Investigator Lim sees hope that the EyeArt AI system will be able to screen more patients for diabetic retinopathy and help prevent blindness.

EyeArt is an artificial intelligence system that has been developed and tested to help bridge the gap in screening for diabetic retinopathy. As the numbers of people with diabetes continue to grow, there aren’t enough ophthalmologists and other health care providers to adequately screen for diabetic eye disease.

Jennifer I. Lim, MD, Marion H. Schenk Esq. Chair, Professor of Ophthalmology, and Director of Retina Service at the University of Illinois at Chicago presented the results of a clinical trial of the EyeArt system at the 2019 Association for Research in Vision and Ophthalmology (ARVO) Imaging in the Eye Conference in Vancouver, BC.
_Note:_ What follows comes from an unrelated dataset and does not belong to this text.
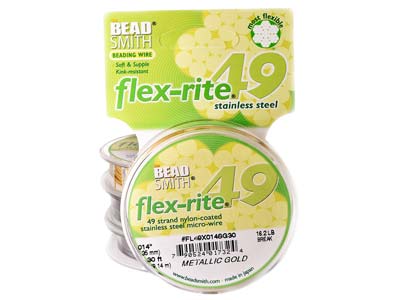 Beadsmith Flexrite, 49 Strand, Metallic Satin Gold, 0.36mm, 9.1m - Immagine Standard - 2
Lim told MD Magazine® that the EyeArt system has a “great ability to be useful to detect referable DR [diabetic retinopathy] from non-referable DR and what that really means in the practical sense is that the EyeArt system and this artificial intelligence system is useful in order to help triage patients and screen for diabetic retinopathy.”

She added that her hope that EyeArt will contribute to reducing blindness in this population in the future.

In part 1 of the interview, Lim shared about the growing need for diabetic retinopathy screening as the population of patients with diabetes continues to grow worldwide. Part 2 covered how the EyeArt system was trained and then tested in a clinical trial. Lim delved into the results of the clinical trial in part 3.

What do these results mean for clinical practice?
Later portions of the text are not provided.